7/24/2020 Kimberly Belser
Classes on safety and autonomy are being added to the University of Illinois at Urbana-Champaign’s Center for Autonomy in collaboration with Hexagon|AutonomouStuff.
Written by Kimberly Belser
Classes on safety and autonomy are being added to the University of Illinois at Urbana-Champaign’s Center for Autonomy in collaboration with Hexagon|AutonomouStuff.
The course curriculum for these courses which include the Principles of Safe Autonomy (ECE 498SM/484) is designed to expose students to key concepts within the field of autonomous vehicles, provide foundations to set them on a course for future self-learning, and provide hands-on experience with a real system, said Sayan Mitra, Professor of Electrical and Computer Engineering.
“We follow each of [the course] ideas from their mathematical underpinnings, to the algorithms they inform, then the students implement and test them in simulations, and finally deploy and experiment them on the actual test platform. In the process we expect the students to also pick-up some of the technical skills that are valued in the autonomy industry” he said.
Mitra researches math and algorithms to improve autonomous systems with a cohort of students and faculty.

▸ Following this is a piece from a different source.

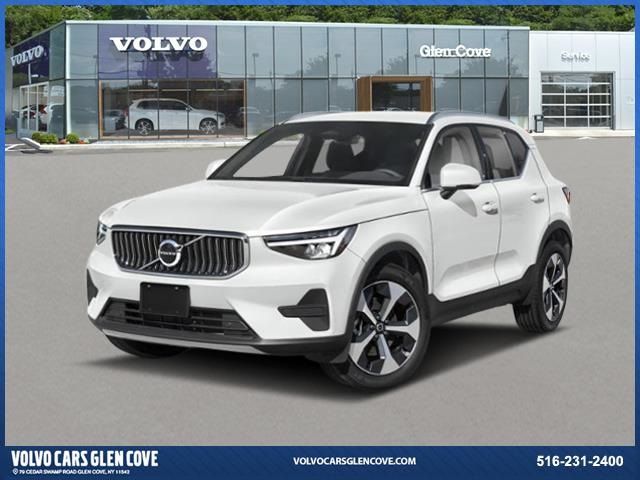 2025 Volvo XC40 Core Bright Theme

The group is interested in constructing the “brains” of autonomous vehicles, which are the core decision and control algorithms that can work reliably in highly dynamic, imperfectly perceived, and uncertain environments. Mitra said that fielding their algorithms on a real vehicle like the GEM platform from AutonomousStuff helps his team understand and formulate research challenges.
“Experimenting with an actual vehicle is also incredibly exciting for the students,” he added.
Katherine Driggs-Campbell, Assistant Professor of Electrical and Computer Engineering, said the Principles of Safe Autonomy was created around the building of a safe autonomous system stack, covering many of the essential pieces for working with autonomous vehicles. The course begins with perception (converting sensing data into something meaningful), then moves on to decision-making and control, and finally introduces verification to assess safety.
Driggs-Campbell, whose research is centered around creating safe autonomous systems which are able to operate in society, said GEM provides her and her fellow researchers with an easy to use platform to carry out real-world testing and demonstrate the utility of their efforts.
The lab section of the course involves the use of a GEM vehicle, which is outfitted with a plastic partition so that the vehicle can operate safely. Though students will be unable to utilize the vehicle due to the COVID-19 pandemic, Driggs-Campbell said they have also been developing simulation tools to augment real-world testing and experiments.
She believes the key take away from this course is the complexity of a complete system and how all the pieces can work together--or, if done wrong, against each other-- to achieve safe and effective performance.
“We have created a one-of-a-kind course which gives the students an introduction to the foundations and hands-on experience in developing autonomous systems,” Mitra said.
“They learn about a handful of core algorithms for perception, planning, and control; they program and experiment with these algorithms in detailed simulations, and more importantly, they gain experience in deploying their code and experimenting with the GEM platform. There are very few courses like this.”